Canada’s New Anti-Spam Act: What You Need to Know


On July 1st, 2014 we’re going to see a dramatic change when it comes to sending out emails to Canadian IP’s. That’s right, it is the inevitable coming of CASL (Canada’s Anti-Spam Act). Most businesses that advertise, sell, or get customers through emails are at the edge of their seats screaming bloody Mary. However, if you know your facts, you can prepare and calmly await the day that changes all.

Before we jump into what you can do to make sure that CASL doesn’t ruin a good nights’ sleep, there are some raw facts that you have to know. For instance, what does CASL mean and what is its purpose? To quote the actual act itself:

“An Act to promote the efficiency and adaptability of the Canadian economy by regulating certain activities that discourage reliance on electronic means of carrying out commercial activities, and to amend the Canadian Radio-television and Telecommunications Commission Act, the Competition Act, the Personal Information Protection and Electronic Documents Act and the Telecommunications Act, S.C. 2010, c. 23.”

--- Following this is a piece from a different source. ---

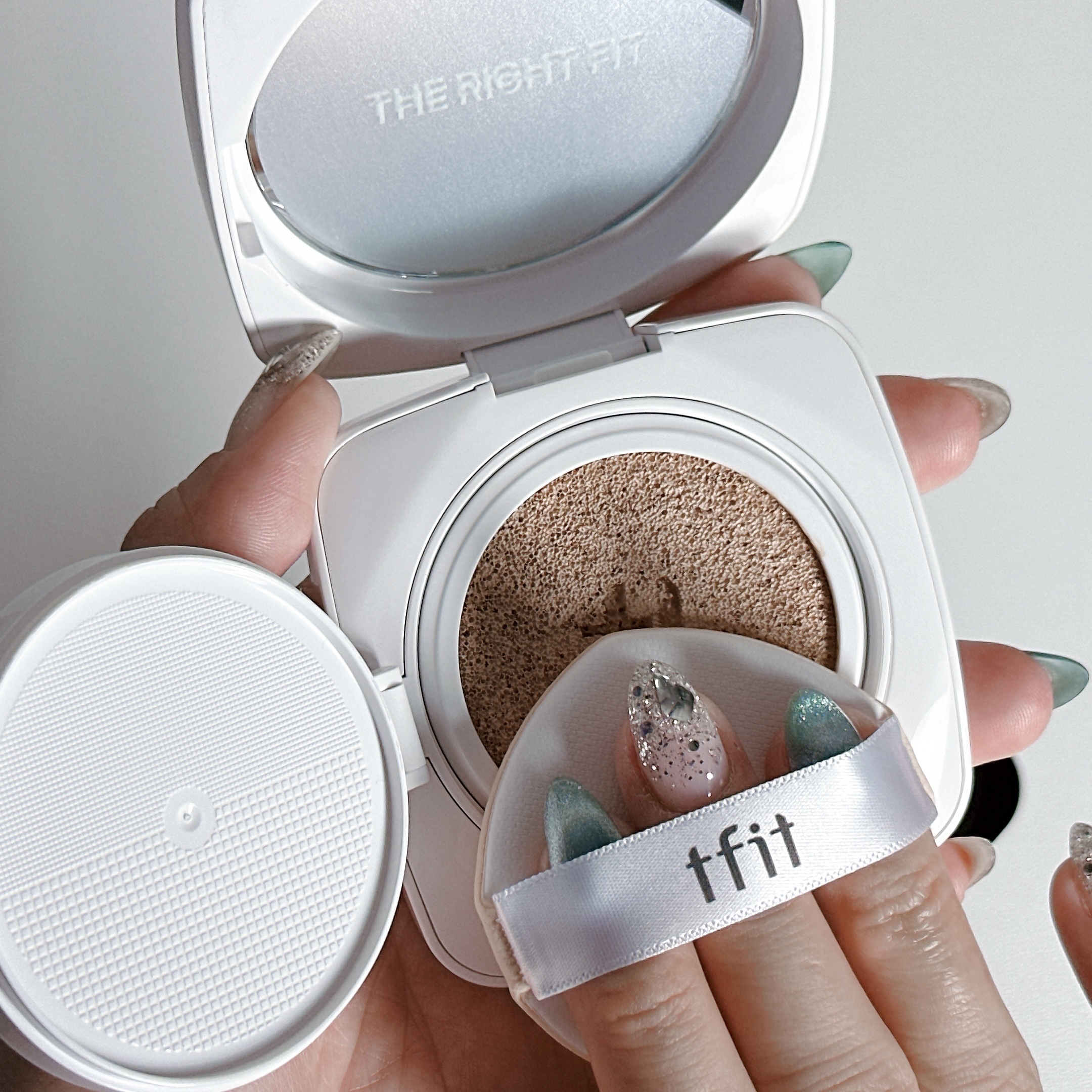 レイヤリングフィット グロークッションEX/TFIT/クッションファンデーションを使ったクチコミ（3枚目）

To take it a step further, CASL is put in place to make sure that no malicious software is sent in an email and no breach of privacy occurs – unless consent is given. It is a noble and much needed act that has had had success in its differentiated versions in countries like Australia or the United States. Another important thing to know is that after the three year transition period is over (more on that later on), the penalty of a violation by an individual can be up to $1 million, whereas for a business it can be even up to $10 million.


Does CASL concern me?

This act has been put in place with commercial business in mind. If you are a politician sending out information to citizens – you are compliant, unless you send out an email persuading citizens to buy your new neon green merch – well, you are not so compliant anymore. Registered charities are also exempt from this act.

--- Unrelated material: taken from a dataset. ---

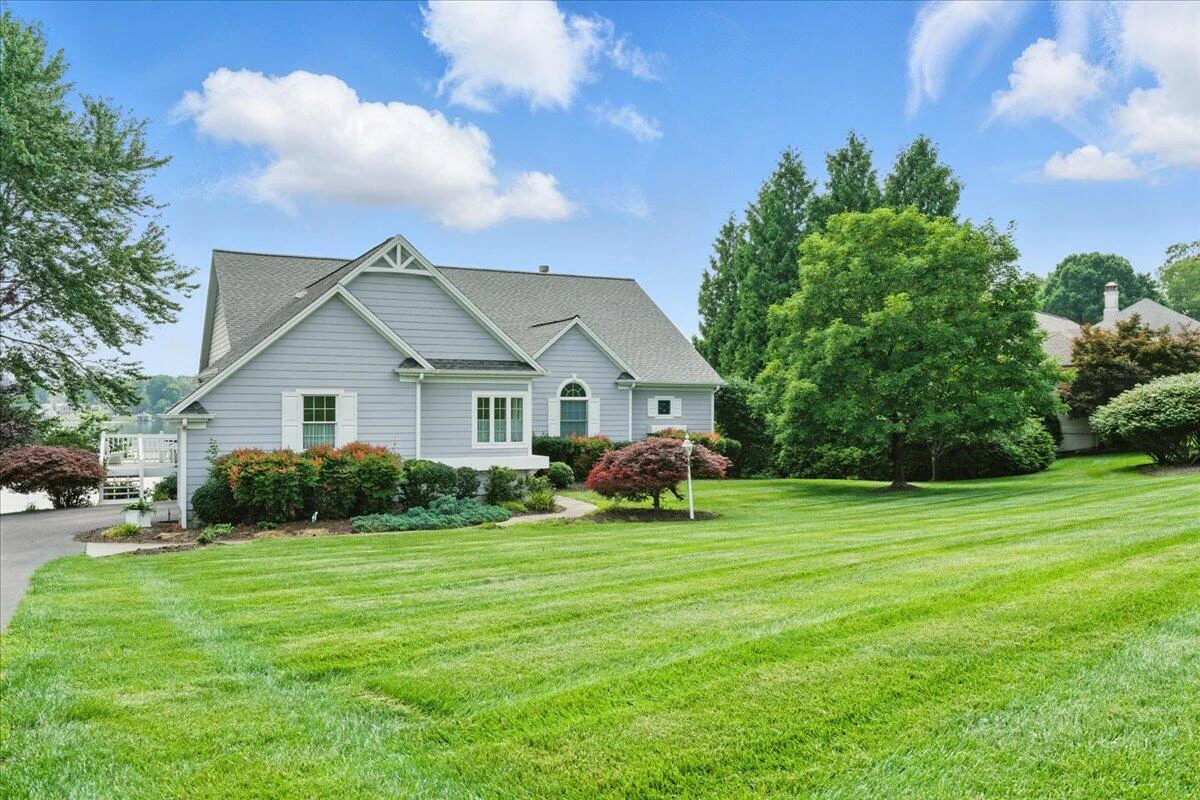 35 Lake Shore DR - Photo 3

The act concerns those who send out a CEM (commercial electronic message). What exactly constitutes a commercial message?

  1. Advertisement for a product, service, or even a business.
  2. An offer that encourages people to buy any product, information, or service.
  3. Promoting businesses or people. Why? Because in a way that is still ‘selling’.

There are however numerous exemptions. For instance you are ok to send one (yes, only one) email to someone by a mistake, you don’t have to worry about sending emails to employees or contractors of a company whom the CEM concerns, family relationships exempt your messages, and most of all – replies to emails are also ok.

The first step to preparing is figuring out whether your messages are of commercial nature or if they promote any sort of commercial activity. The second is to checking out what you link to in your messages. Why? Well, because any link and pages that people are taken to, are under this act too.


To be compliant or not to be.

Now that you have an idea of what CEM’s are, we’re going to assume that you are sending out commercial material.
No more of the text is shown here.